Section: Opinion

The “Green” effect

By Kat Ridley

Whenever I tell strangers back home that I go to Kenyon, the first response I often get is “Oh, didn’t John Green go there?” With his realistic and relatable portrayal of adolescents and his unique writing style, Green indeed seems to have almost single-handedly both put Kenyon on the map and, more importantly, greatly increased the number of prospies stumbling through Peirce Hall and sending in applications.

    The recent fame of John Green ’00 is probably one of the largest reasons for the spike in applications Kenyon has received. While this makes me feel an internal glow being a Green fan myself, it also gives me a distinct sense of unease. What are the consequences of having so many students end up on the Hill simply because of one author? Green certainly has a very distinct “Kenyon quirk” aesthetic to his writing, and I’ve never met a fan of his I haven’t liked, but what bothers me is this: how can we hope to accept so many “quirky” students with similar interests without damaging our diversity? Do we really want the student makeup of Kenyon to be so deeply influenced by a few famous alumni? There’s no doubt Josh Radnor ’96 and Kenyon band Walk the Moon also have contributed to Kenyon’s newfound fame, but something tells me they tend to draw the same type of student Green might.

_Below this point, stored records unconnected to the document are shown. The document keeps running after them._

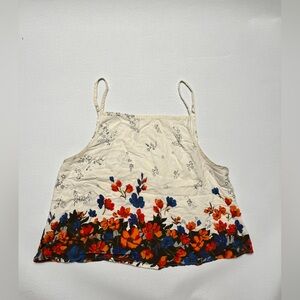 Urban Outfitters/kimchi blue floral print crop top size medium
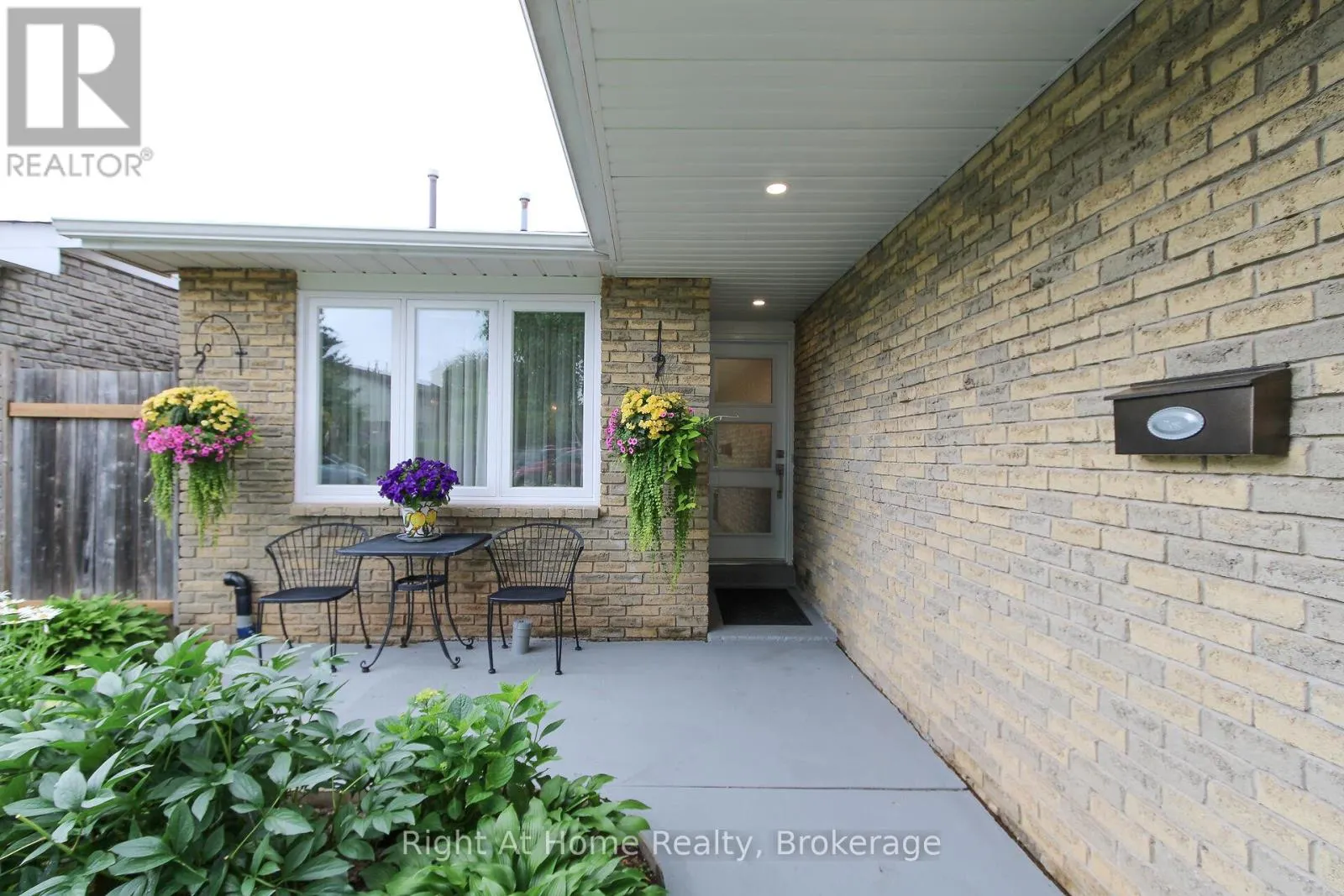 2495 SNOWHILL COURT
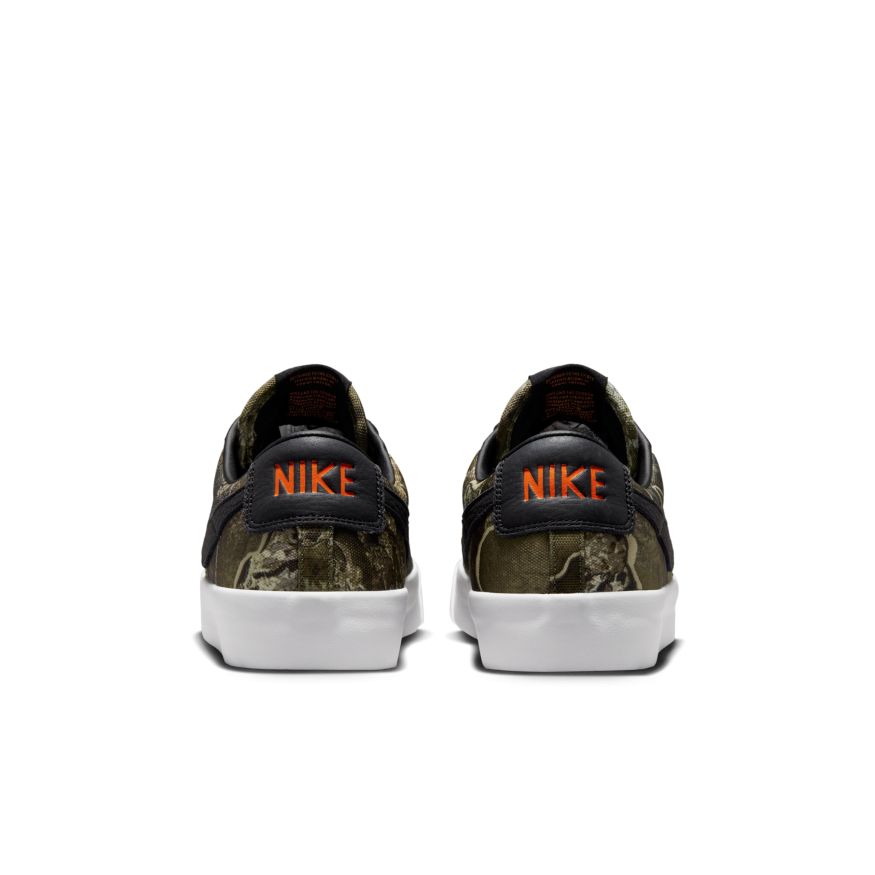 NIKE SB BLAZER LOW PRO GT PREMIUM - BLACK/SAFETY ORANGE-BLACK-PHOTON DUST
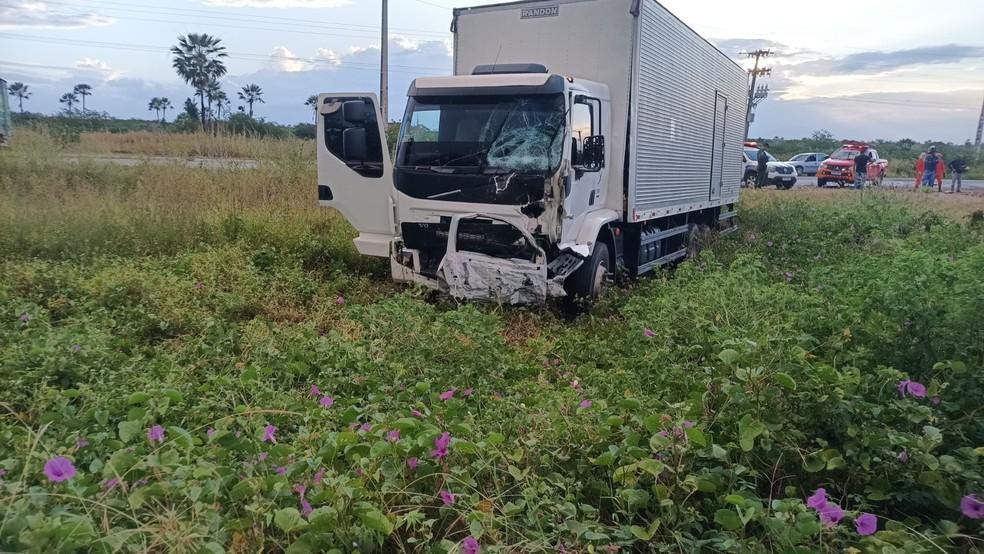 Caminho saiu da pista aps bater em ambulncia Foto Reproduo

    There is nothing inherently wrong with this type of student, and there’s nothing we can do to affect the number of them who decide to apply. Honestly, I think they should apply; Kenyon’s probably a great fit for them and I’m sure they would make a great contribution to the Hill. However, I also think it is important to keep pushing for increased diversity on this campus, not just racial or religious, but also that of interests and worldviews. I do love Kenyon for its distinct atmosphere and the type of students it attracts; this is one of the only places where I have felt at home in a community. I do not want to get rid of that feeling nor how special Kenyon is because of it, but I also have to acknowledge that I achieve more personal growth when I get the chance to talk to people who are not like me. And, sorry, but I am the quasi-alternative, sock-mismatching, Green fan stereotype that tends to be imagined in the minds of the prospies and parents who’ve read all the college guides.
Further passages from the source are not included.